Worker Node Main Components
#

Note: Depending on the Kubernetes cluster, the following components are also used on the controller nodes.

Container Runtime
#

  • Engine that runs the containers. It pulls the container image and runs it inside an isolated environment.

  • Container Runtime Interface (CRI): Kubernetes uses the CRI to communicate with any compatible container runtime.


Different Container Runtimes:

  • Docker: The most well-known container runtime, also used with the Docker Platform. In the early days of Kubernetes, Docker was the default runtime, but Kubernetes has moved toward a more general solution for container runtimes.

  • Containerd: A lightweight runtime originally developed as part of Docker but now a standalone project. It’s highly compatible with Kubernetes and is often used as a replacement for Docker because of its simplicity and performance.

  • CRI-O: A runtime specifically designed for Kubernetes. It implements the Kubernetes Container Runtime Interface (CRI), making it tightly integrated and optimized for Kubernetes.

  • gVisor: A sandboxed runtime designed for better security, it isolates containers with more protection at the cost of some performance.


Kubelet
#

  • Its job is to make sure containers are running properly.

How it works:

  • It gets it’s instructions from the Kubernetes control plane, like where to run a Pod, it interacts with the container runtime to launch and manage those containers.

  • It constantly monitors the health of the containers and reports back to the control plane.


Kube-Proxy
#

  • Responsible for networking at the Service level

  • Routing traffic to the right pod when a service is accessed.


Container Networking Interface Plugins (CNI)
#

  • Responsible for networking at the Pod level

  • Assignes IP addresses to pods and enabling pods to communicate with each other across nodes.

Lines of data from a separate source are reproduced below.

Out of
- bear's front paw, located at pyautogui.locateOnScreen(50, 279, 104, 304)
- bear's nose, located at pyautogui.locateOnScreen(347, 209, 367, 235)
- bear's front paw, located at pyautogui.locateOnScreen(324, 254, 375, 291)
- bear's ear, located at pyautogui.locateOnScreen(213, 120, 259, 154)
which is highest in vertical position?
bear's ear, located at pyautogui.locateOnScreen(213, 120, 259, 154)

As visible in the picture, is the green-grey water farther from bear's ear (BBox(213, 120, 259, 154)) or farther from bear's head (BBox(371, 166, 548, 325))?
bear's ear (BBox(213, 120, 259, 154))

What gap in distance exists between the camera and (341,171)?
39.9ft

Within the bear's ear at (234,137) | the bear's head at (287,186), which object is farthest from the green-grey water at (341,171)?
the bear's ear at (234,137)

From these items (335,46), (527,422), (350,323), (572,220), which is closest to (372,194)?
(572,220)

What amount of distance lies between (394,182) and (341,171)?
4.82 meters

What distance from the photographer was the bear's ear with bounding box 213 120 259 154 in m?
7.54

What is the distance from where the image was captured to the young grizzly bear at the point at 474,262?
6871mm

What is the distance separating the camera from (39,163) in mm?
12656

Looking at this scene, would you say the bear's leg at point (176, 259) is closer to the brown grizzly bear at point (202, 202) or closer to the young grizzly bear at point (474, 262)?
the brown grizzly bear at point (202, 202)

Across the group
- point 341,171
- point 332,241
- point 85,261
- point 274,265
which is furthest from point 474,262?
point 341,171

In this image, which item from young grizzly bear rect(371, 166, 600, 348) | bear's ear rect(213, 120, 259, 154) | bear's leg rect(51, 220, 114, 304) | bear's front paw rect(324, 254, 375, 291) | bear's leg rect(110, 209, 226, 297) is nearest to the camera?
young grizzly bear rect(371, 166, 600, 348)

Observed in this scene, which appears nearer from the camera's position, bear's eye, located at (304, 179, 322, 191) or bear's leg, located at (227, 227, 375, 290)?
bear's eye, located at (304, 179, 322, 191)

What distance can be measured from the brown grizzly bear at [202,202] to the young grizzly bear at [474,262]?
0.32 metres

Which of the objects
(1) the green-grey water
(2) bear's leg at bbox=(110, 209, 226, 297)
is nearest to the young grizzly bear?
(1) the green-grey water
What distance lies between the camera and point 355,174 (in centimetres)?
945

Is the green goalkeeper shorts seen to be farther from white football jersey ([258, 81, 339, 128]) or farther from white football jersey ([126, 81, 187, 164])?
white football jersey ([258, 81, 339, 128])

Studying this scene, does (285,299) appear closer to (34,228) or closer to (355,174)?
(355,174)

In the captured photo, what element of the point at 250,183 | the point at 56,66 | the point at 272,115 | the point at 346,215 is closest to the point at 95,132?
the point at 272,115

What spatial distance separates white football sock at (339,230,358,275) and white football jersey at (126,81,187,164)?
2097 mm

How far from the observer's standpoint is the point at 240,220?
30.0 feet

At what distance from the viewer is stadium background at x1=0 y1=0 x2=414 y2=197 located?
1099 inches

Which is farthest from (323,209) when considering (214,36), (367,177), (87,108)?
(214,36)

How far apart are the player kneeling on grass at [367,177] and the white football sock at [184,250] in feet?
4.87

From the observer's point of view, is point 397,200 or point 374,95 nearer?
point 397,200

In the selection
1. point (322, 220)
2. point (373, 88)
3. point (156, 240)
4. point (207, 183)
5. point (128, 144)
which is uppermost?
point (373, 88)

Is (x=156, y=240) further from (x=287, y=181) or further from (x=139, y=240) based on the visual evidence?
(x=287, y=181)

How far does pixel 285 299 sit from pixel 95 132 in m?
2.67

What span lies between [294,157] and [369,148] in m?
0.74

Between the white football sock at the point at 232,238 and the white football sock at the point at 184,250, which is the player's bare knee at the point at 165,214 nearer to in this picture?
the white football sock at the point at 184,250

CNI plugins used in Kubernetes

Cilium:

  • Performs packet filtering, forwarding and load balancing at the kernel level, without needing traditional IP routing or iptables for networking.

  • High performance & primary designed for Kubernetes clusters.

Calico:

  • Uses traditional Linux networking based on IP Routing and iptables for managing container traffic and enforcing network policies.

Note: This are the only ones I have used so far.



Other Kubernetes Components
#

Kubectl
#

  • CLI tool for interacting with the Kubernetes cluster by sending commands to the Kube-Apiserver.

Kubeadm
#

  • Kubeadm is a tool that simplifies the process of setting up a Kubernetes cluster.

Cloud-Controller-Manager
#

  • Used for cloud-based, managed Kubernetes clusters on

  • Interacts with cloud provider (AWS, Azure, GCP,…) to create load balancers, attaching storage and ensuring node health through cloud APIs.



Application Deployment Components
#

Pods
#

  • A Pod is the smallest unit in Kubernetes.

  • It wraps one or more containers that share the same network namespace (can communicate via localhost) and storage.

  • Each pod is assigned with its own unique IP, these IPs are not static.

  • Pods can mount PersistentVolumes to retain data.


Init-Containers
#

  • Are specialized containers that run before the application containers in a pod.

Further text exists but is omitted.